So in the early 1990s a partnership of the city council, local enterprise board and the police joined with renowned local event promoters Pete Irvine and Barry Wright to try something new.

To make a virtue from a necessity, a street party was organised on safer ground in Princes Street. It was a huge success, the traditional gathering was given a structure, entertainment and fireworks at “the Bells”. With Edinburgh Castle as a backdrop it was a winner, and with clever promotion Edinburgh’s Hogmanay quickly established itself as the world’s “go to” destination for a New Year’s break.

But celebrity can come at a cost. In 1995, the street party almost became a victim of its own success when nearly 400,000 people turned up. Even with good organisation and a very good-natured crowd it was too much. There were no serious injuries but it was close – from then on barriers, tickets and drastic crowd number reductions were introduced.

In recent years a sprawling commercial Christmas market has grown on the back of Edinburgh’s Hogmanay. With higher costs and numerous road closures, folk unfortunate to live in the city centre have suffered increasing disruption and begun to wonder whether the much vaunted economic benefit was worth it. After all, the average inconvenienced citizen seems to get no benefit at all.

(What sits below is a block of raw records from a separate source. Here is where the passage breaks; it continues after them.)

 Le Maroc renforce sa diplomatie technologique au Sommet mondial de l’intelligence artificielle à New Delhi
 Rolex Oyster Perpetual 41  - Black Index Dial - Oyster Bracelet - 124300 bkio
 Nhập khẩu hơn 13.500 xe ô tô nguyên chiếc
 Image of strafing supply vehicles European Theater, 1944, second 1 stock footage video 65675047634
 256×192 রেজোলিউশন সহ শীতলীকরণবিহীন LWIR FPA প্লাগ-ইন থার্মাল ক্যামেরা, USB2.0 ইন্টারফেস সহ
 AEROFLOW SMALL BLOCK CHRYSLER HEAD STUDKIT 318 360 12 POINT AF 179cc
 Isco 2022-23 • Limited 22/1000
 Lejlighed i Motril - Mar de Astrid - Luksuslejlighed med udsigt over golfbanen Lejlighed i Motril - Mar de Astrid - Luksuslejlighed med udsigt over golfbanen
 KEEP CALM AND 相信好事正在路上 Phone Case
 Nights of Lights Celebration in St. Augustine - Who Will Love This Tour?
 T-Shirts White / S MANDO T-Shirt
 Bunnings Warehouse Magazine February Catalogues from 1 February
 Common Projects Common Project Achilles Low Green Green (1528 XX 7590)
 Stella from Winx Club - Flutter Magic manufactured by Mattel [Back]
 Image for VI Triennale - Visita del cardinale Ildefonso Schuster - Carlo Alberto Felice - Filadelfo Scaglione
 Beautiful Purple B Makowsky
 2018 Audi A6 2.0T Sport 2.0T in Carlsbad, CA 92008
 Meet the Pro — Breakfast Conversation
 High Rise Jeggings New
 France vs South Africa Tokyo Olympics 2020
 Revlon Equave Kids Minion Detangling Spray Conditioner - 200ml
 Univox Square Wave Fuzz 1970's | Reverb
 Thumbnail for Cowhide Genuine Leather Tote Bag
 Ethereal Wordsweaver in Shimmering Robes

Now that the street party and all our other ­festivals have been cancelled for this year it’s perhaps a good opportunity to reset our thinking and our relationship with all our commercial festivals.

But as the wheel turns fulls circle let’s not be deceived by rose-tinted reminiscences of our traditional Hogmanays. The Tron is still a very bad place for a street party in the dark of a cold winters night.